The principles of this talk are: More nephrons spared and less ischemia time is better; but, fewer nephrons spared and more ischemia time are not uniformly worse. There are NO DEFINITIVE intraoperative strategies proven to mitigate ischemic risk.
All case fall on the spectrum – on one hand, you have a healthy kidney with no ischemia time. On the other, you have an unhealthy kidney with long ischemia time. The key is to find a balance, or lean towards the former.
The new AUA guidelines do emphasize prioritizing NSS for pT1 tumors as it minimizes risk of CKD while maximizing oncologic outcomes (Grade B recommendation). He then provided some good numbers to remember:
1. Mean change in GFR with radical nephrectomy: 25-40 mL/min
* His own method is to assume about 30% loss of GFR with radical nephrectomy
2. Mean change in GFR with NSS: 2-10 mL/min
There are 4 main intra-operative strategies that he addressed today:
1. Warm and cold ischemia time
- AUA guidelines – physicians should aim to reduce warm ischemia time. The actual time threshold is not well defined, but thought to be about 25-30 minutes. In general, recovery from cold ischemia time ~60-90 minutes is well tolerated.

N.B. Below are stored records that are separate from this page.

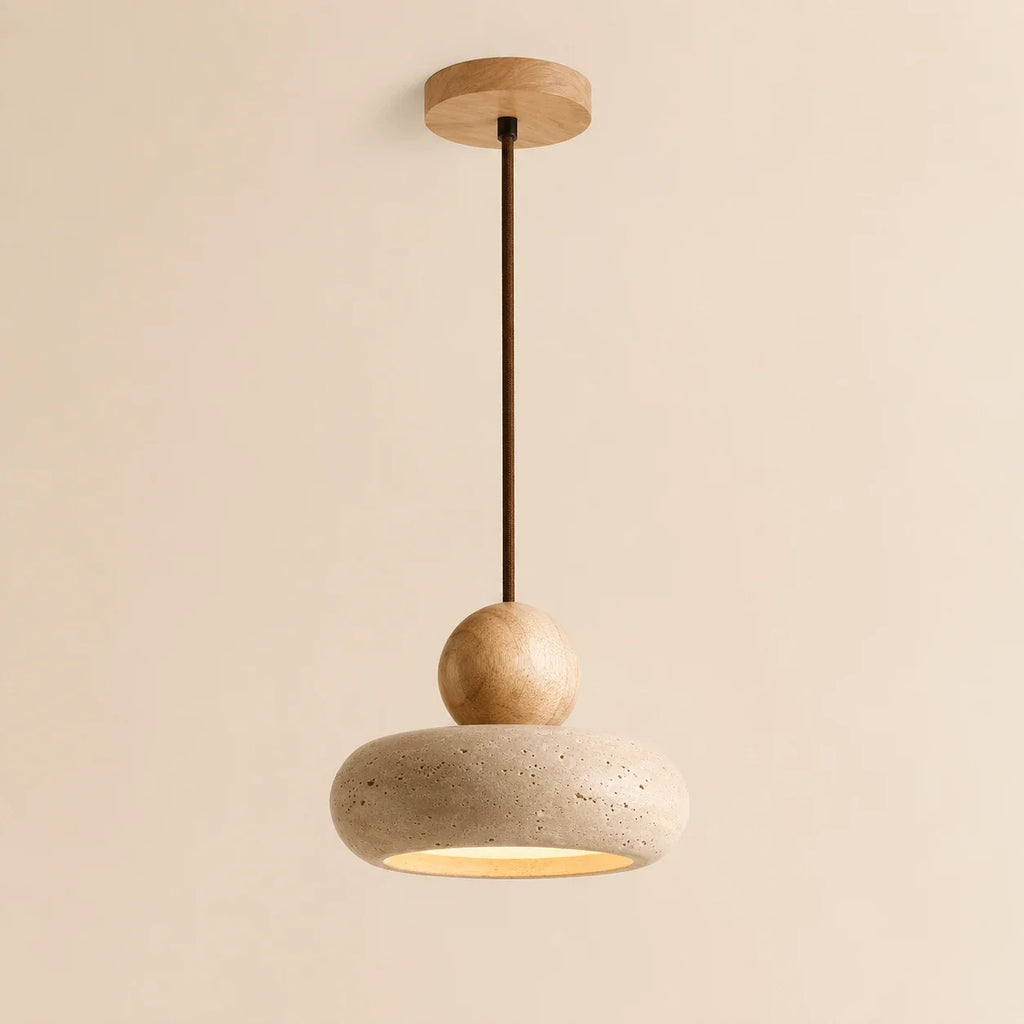 Pendelleuchte aus gelbem Naturstein mit Naturholz in einer hellen Studioansicht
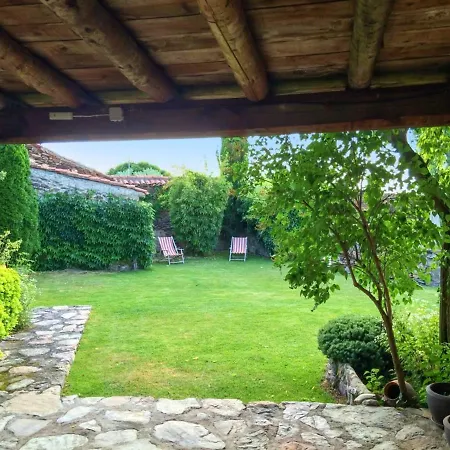 Spacious With Pool In *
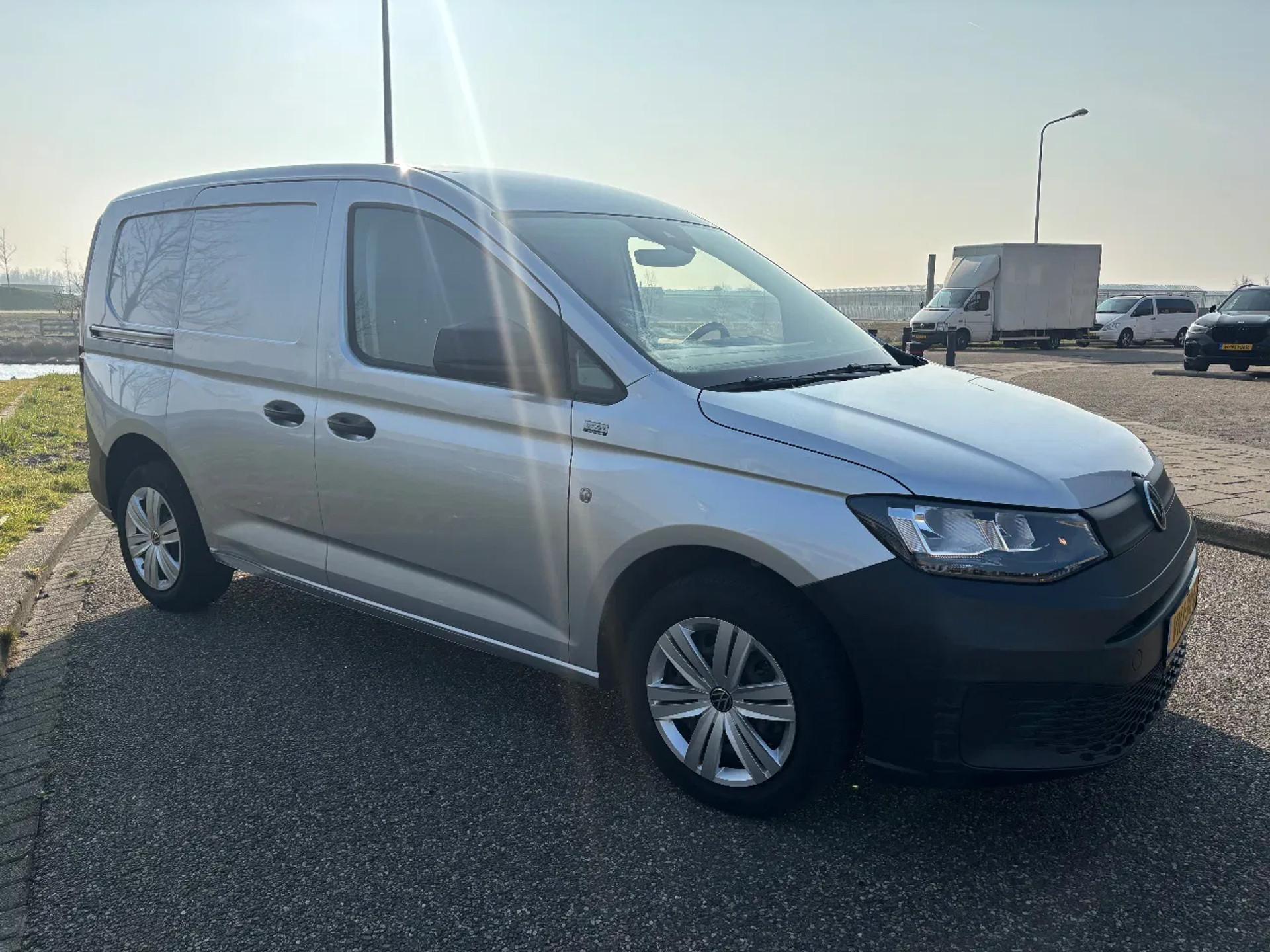 Foto 3 van Volkswagen 2.0TDI Cargo L1H1 Airco Cruisecontrol Applecarplay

- Take-home point: Long warm ischemia time hurts. Short warm ischemia time is not as important as quantity and quality of preserved parenchyma. This is more important than ischemia time!
- Warm ischemia time is associated with 7.4% lower recovery than cold ischemia – so for patients where every GFR point counts, cold ischemia is probably worthwhile
- Recent Eur Urol prospective, randomized trial
- Only patients with GFR >45 were included – important to remember that!
- Primary outcome was GFR change at 6 months
- eGFR was not significantly different with or without 12.5 IV mannitol
- As such, it is no longer recommended
- However, Dr. Uzzo does still use it in patients with <45 GFR
3. Fluid/BP management
- Controlled hypotension – prospective study of 100 patients with zero ischemia time and controlled hypotension (MAP ~70) found reduced bleeding (primary outcome) and no Acute renal failure (ARF). GFR dropped slightly initially, but had recovered at 3 months.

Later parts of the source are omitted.